• _GIVEN DATA_:
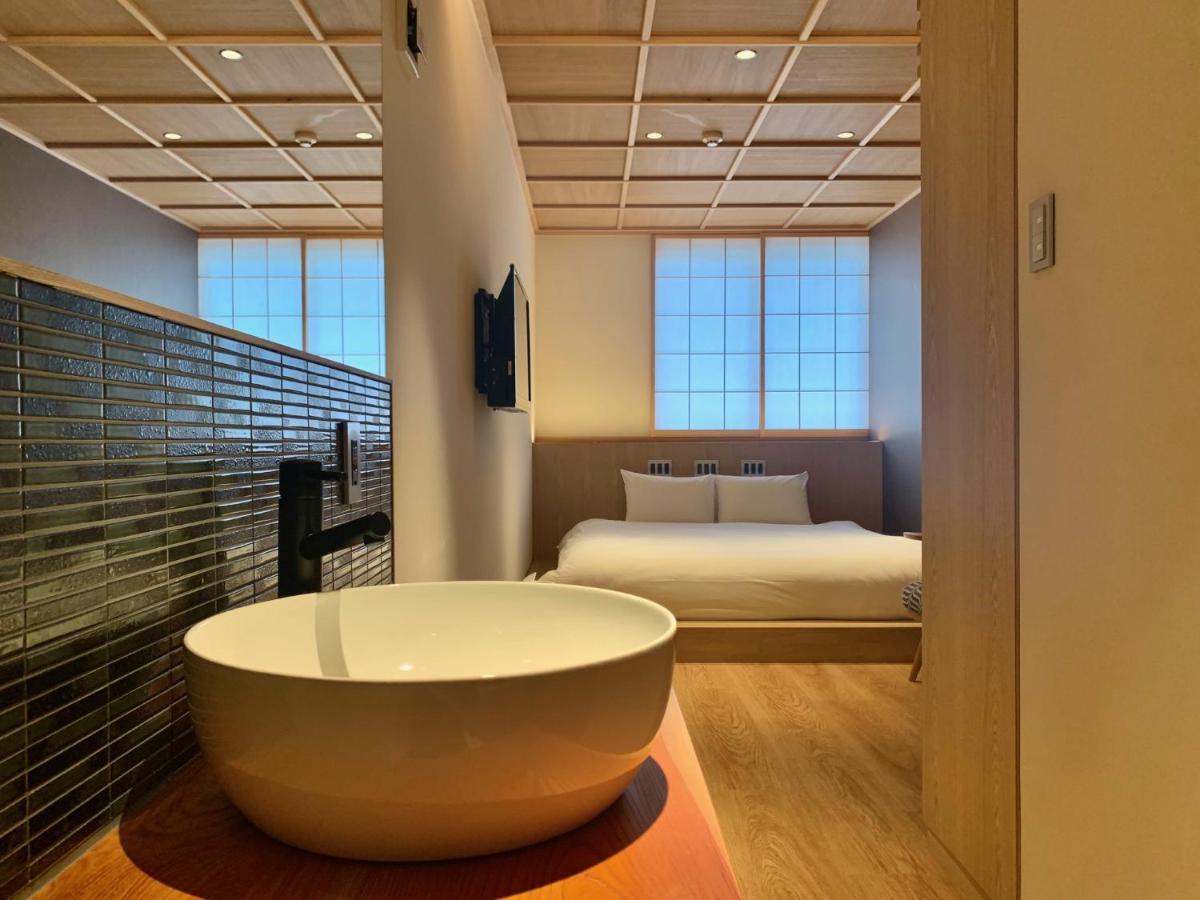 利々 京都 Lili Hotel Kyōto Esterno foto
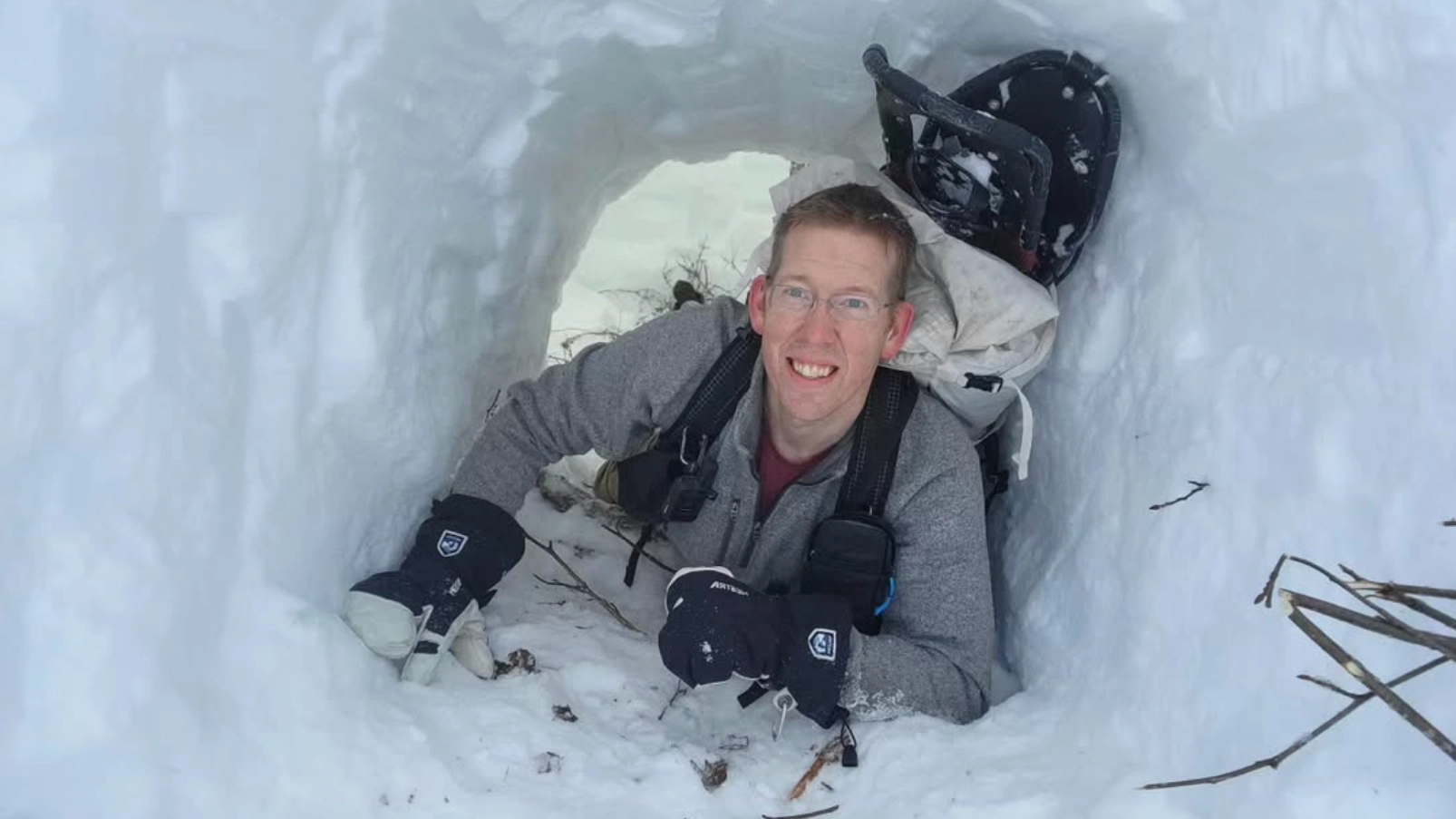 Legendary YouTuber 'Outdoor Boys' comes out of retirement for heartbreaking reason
* * *
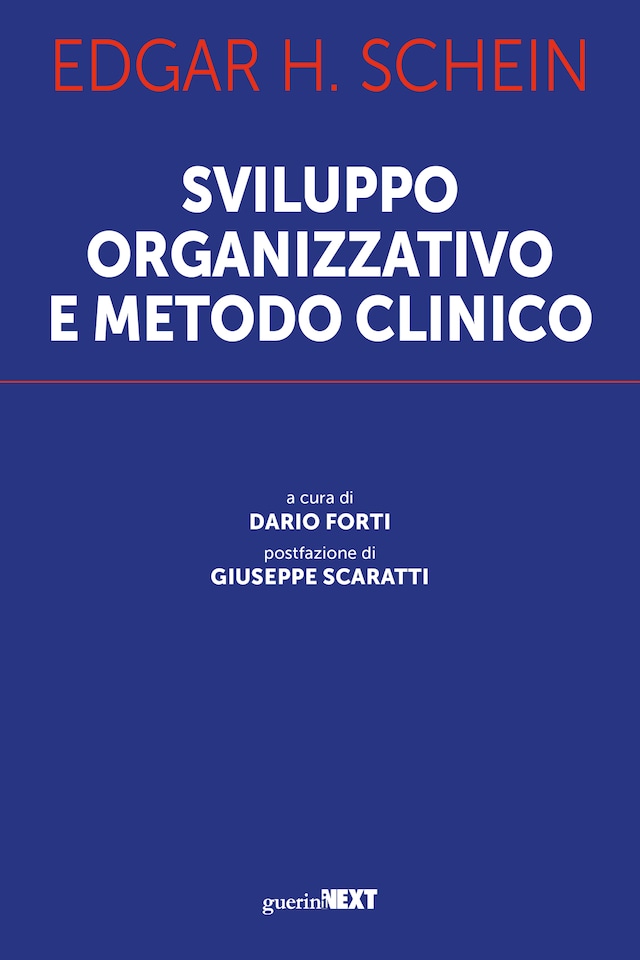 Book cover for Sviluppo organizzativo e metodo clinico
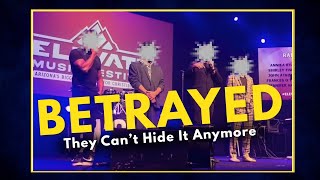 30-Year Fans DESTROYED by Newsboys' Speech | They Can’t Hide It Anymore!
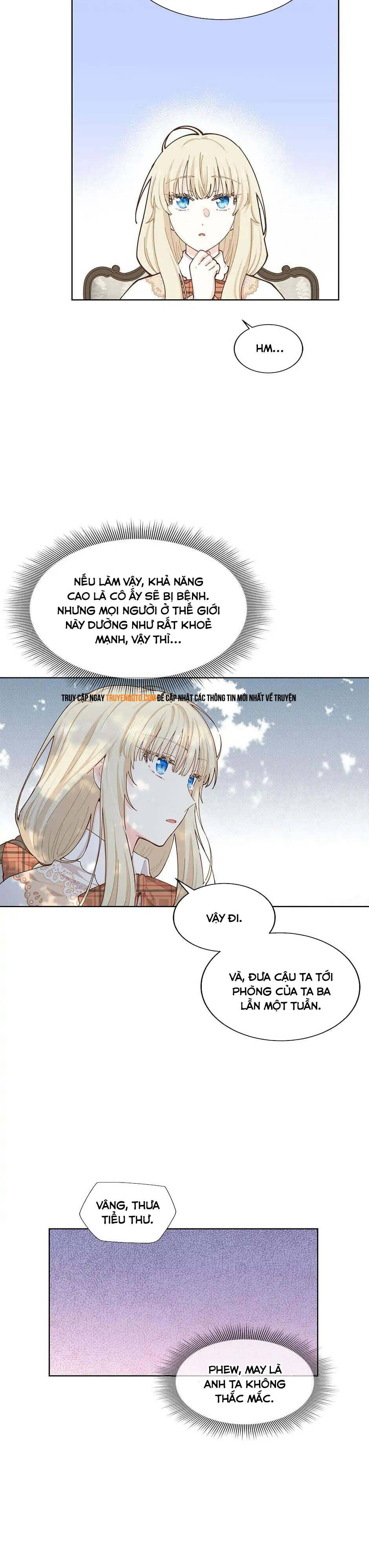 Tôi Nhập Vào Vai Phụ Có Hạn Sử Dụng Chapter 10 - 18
...
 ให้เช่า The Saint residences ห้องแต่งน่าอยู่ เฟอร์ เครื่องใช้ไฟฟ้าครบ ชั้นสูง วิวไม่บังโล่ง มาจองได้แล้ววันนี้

• _WORK TO BE COMPLETED_:
Would you set down only the lines above from the line with "Book cover for" to the line with "Tôi Nhập Vào", both included, exactly as they stand and without the pictures?

• _REPLY TO THE EXERCISE_:
 Book cover for Sviluppo organizzativo e metodo clinico
 30-Year Fans DESTROYED by Newsboys' Speech | They Can’t Hide It Anymore!
 Tôi Nhập Vào Vai Phụ Có Hạn Sử Dụng Chapter 10 - 18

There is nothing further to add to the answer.